I shall attempt to contact Professor Frangi at the University of Pavia to see if he has a view on the closeness of our picture to Nuvolone himself. I note, meanwhile, that the life dates he gives for this artist -- 1608/09-1661 -- differ slightly from those on ArtUK (1608-1665).

Jacinto Regalado,

That sounds excellent, Richard, especially contacting Frangi.

Jacinto Regalado,

As for Nuvolone's dates, the Italian Wikipedia gives 1609-1662, as does Getty/ULAN.

Osmund Bullock,

Richard, I don't think I'll able to get to the NAL before early April, I'm afraid.

Thanks all for your comments.

With regard to the provenance I presume this has been taken from the inscription on the reverse, which reads: 'Prince Belosselsky Nov. 18th 1920'. This is also noted on the original catalogue card.

To add to the conversation around attribution, there is also a note in our object file which reads: 'Denis Mahon - Verbally 23rd May 1968 - suggests Parmese School'.

Thanks for the further information. I think it worth checking the two Belosselsky sale catalogues of 1921 in any case and have submitted an online request in this connection to the NAL.

I have also written to Professor Frangi, mentioning the hope of obtaining a higher-resolution image for him. I wonder if this would be possible, please -- Elizabeth or Marion/David?
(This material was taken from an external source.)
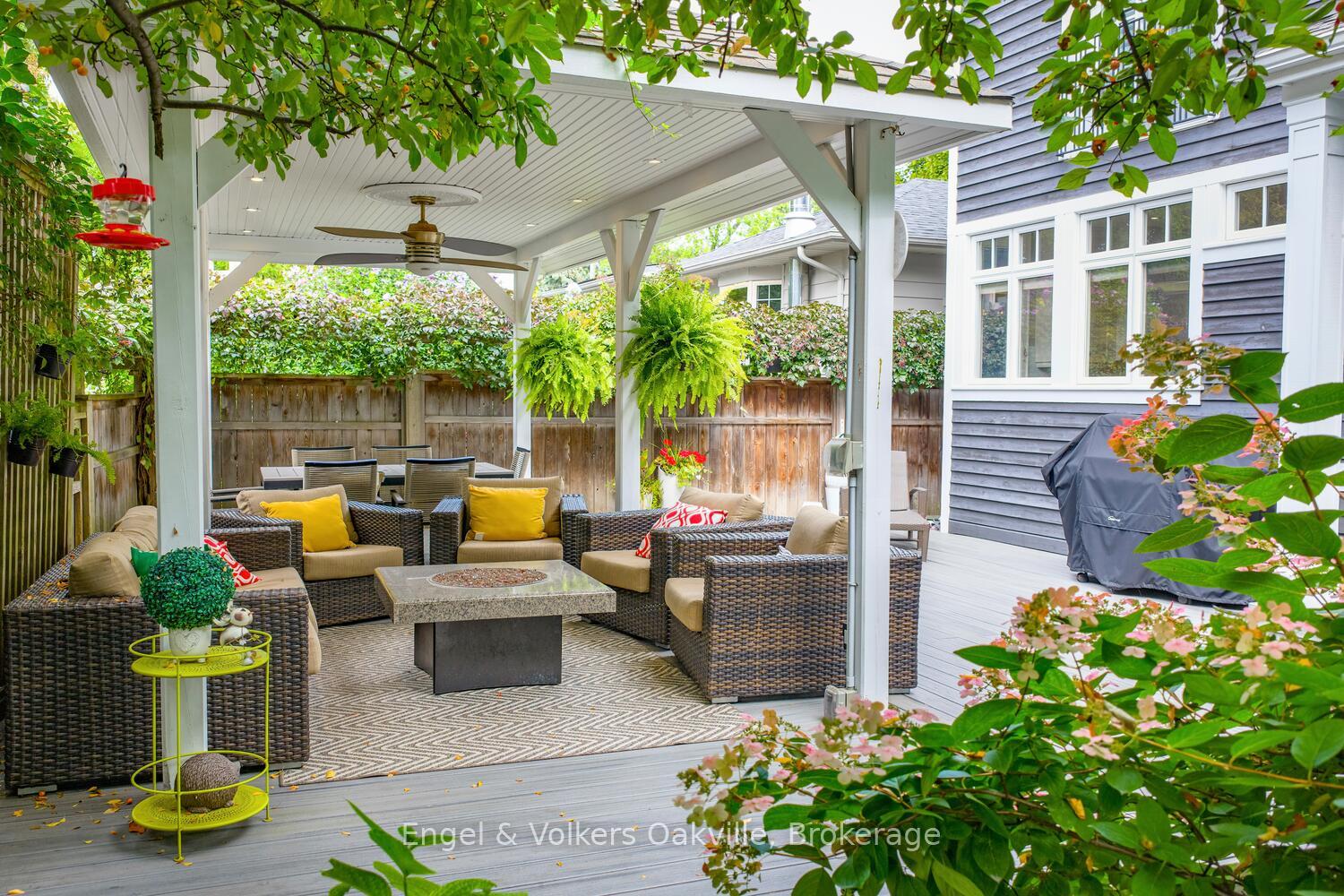 Photo 48 of 468 Wedgewood Drive, Oakville, Morrison — HOMEH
I have received a full and very interesting reply, with two images, from Professor Francesco Frangi.

He writes that the Sheffield paining is a faithful replica of an ’invenzione’ [original composition] by Carlo Francesco Nuvolone known from a very dirty and poorly conserved canvas in the sacristy of the basilica of San Giulio on the Island of San Giulio (Lago d’Orta/Lake Orta between Piedmont and Lombardy). To ascertain whether our picture is an autograph work by Nuvolone or a workshop replica it would be necessary to see a photograph of better quality. However, he warns that the distinction between autograph works and studio replicas is not always easy to make in the case of the Nuvolone brothers. He confirms that the original subject was St Anthony of Padua with the infant Christ, the latter figure transformed into Cupid by the addition of wings – a subsequent intervention. The theme was treated many times by Nuvolone. His most important version of this subject is the altarpiece in the church of Sant’Anna in Bedisco di Oleggio (province of Novara) which shows variations in the poses of Christ and the saint.

I hope it will be possible for the collection or Art Detective to provide a high-resolution image of the Sheffield picture to be sent to Professor Frangi.

Jacinto Regalado,

That's excellent, Richard. The match between the San Giulio picture and ours is practically perfect except for the later alterations, which are an interesting curiosity but, ideally, would be removed by someone with suitable expertise if this is autograph Nuvolone.

With thanks to Anna Vlasova at the National Art Library, I am able to confirm that no painting entitled 'St Anthony of Padua with the Infant Christ' or 'Cupid and Monk' appears in either of the two sale catalogues of 1921 referred to above (06/03/2022). I think we should therefore accept the provenance as recorded by the inscription on the reverse: in other words our painting was acquired by Graves from Prince Belosselsky on 18 November 1920. The prince in question could have been either Prince Sergei Sergevich Belosselsky-Belozersky (1895-1978) of the 1921 sales or Prince Sergei Konstantinovich Belosselsky-Belozersky (1867-1951) previously mentioned by Xanthe (25/02/2022).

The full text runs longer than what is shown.